The front-end is developed in React which is hosted on Heroku. The back-end developed using NodeJS is divided in two ec2 instances, to split the functionalities. The login and signup functionality runs on one node and the transaction in another. Each of the functionalities are connected to each member's GO API which allows it to interact with the redis database in each cluster. The sessions are maintained in MongoDB on mLabs. Load balancers are added to make the system scalable.

CAP Theorem

Distributed systems are characterized by exchanging state over high-latency or unreliable links. The system must be robust to both node and network failure if it is to operate reliably--however, not all systems satisfy the safety invariants we'd like. IP networks may arbitrarily drop, delay, reorder, or duplicate messages send between nodes--so many distributed systems use TCP to prevent reordered and duplicate messages.

However, TCP/IP is still fundamentally asynchronous: the network may arbitrarily delay messages, and connections may drop at any time. Moreover, failure detection is unreliable: it may be impossible to determine whether a node has died, the network connection has dropped, or things are just slower than expected. This type of failure - where messages are arbitrarily delayed or dropped--is called a network partition. Partitions can occur in production networks for a variety of reasons: GC pressure, NIC failure, switch firmware bugs, misconfiguration, congestion, or backhoes, to name a few.

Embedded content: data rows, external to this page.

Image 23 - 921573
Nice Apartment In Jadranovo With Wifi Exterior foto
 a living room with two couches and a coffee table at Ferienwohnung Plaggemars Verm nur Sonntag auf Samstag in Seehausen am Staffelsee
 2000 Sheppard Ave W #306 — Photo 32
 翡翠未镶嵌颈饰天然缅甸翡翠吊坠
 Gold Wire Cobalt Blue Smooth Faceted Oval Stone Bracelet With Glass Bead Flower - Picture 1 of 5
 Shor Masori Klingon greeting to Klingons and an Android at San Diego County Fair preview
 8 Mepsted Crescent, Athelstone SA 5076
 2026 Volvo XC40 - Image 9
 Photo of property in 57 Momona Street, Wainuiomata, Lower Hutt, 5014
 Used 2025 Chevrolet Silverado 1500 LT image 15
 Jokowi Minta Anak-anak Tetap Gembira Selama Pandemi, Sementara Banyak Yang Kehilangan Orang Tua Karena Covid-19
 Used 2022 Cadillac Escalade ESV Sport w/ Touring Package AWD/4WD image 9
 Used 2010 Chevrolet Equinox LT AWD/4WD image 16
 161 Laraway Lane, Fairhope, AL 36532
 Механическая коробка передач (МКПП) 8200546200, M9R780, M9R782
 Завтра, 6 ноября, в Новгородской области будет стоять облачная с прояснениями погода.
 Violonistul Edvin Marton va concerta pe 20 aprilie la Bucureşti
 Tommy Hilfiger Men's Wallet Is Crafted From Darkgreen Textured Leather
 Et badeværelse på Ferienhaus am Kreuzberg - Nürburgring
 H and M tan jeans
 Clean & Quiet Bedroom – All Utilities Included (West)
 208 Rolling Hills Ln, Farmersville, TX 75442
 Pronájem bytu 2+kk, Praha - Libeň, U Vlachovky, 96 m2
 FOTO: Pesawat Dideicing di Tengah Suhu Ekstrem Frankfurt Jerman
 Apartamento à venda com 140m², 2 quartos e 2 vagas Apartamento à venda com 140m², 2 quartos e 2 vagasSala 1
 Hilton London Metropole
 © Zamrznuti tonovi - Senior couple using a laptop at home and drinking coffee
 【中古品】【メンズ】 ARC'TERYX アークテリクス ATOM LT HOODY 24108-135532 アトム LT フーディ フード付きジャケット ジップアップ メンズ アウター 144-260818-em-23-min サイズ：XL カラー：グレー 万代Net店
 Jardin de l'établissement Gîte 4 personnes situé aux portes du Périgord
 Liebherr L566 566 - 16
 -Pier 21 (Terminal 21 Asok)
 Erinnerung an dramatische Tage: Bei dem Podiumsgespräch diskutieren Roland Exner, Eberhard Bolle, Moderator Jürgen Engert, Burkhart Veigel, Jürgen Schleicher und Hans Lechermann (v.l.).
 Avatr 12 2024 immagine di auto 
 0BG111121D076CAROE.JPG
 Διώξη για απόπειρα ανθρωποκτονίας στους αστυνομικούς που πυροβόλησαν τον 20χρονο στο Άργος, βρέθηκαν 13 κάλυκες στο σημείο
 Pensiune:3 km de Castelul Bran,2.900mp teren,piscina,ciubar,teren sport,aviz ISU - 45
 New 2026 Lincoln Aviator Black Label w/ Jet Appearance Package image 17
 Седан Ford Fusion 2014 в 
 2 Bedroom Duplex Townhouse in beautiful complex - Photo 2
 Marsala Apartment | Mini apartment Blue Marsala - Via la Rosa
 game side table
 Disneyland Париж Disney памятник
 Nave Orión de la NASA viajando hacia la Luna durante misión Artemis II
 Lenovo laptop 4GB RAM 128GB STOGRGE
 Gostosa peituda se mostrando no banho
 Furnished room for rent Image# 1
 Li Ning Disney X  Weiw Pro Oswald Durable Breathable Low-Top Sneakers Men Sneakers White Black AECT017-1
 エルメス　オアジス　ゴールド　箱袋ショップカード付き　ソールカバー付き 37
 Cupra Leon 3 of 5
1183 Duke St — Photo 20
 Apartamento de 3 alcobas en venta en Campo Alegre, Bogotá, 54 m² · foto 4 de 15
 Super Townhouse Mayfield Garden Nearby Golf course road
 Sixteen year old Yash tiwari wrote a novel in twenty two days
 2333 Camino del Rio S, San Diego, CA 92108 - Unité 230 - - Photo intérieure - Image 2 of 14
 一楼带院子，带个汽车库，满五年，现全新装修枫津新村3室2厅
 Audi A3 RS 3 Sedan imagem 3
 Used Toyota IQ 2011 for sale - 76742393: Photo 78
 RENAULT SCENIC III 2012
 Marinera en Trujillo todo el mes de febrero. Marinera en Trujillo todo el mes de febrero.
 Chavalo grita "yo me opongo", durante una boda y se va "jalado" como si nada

Given that partitions occur, the CAP theorem restricts the maximally achievable guarantees of distributed systems. When messages are dropped, "consistent" (CP) systems preserve linearizability by rejecting some requests on some nodes. "Available" (AP) systems can handle requests on all nodes, but must sacrifice linearizability: different nodes can disagree about the order in which operations took place. Systems can be both consistent and available when the network is healthy, but since real networks partition, there are no fully CA systems.

---

Redis

Redis is a data structure server, typically deployed as a shared heap. Since it runs on one single-threaded server, it offers linearizable consistency by default: all operations happen in a single, well-defined order.

Redis also offers asynchronous primary->secondary replication. A single server is chosen as the primary, which can accept writes. It relays its state changes to secondary servers, which follow along. Asynchronous, in this context, means that clients do not block while the primary replicates a given operation - the write will "eventually" arrive on the secondaries.

MongoDB

MongoDB actually is a trade-off between C, A and P, depending on both database/driver configuration and type of disaster: here's a visual recap, and below a more detailed explanation.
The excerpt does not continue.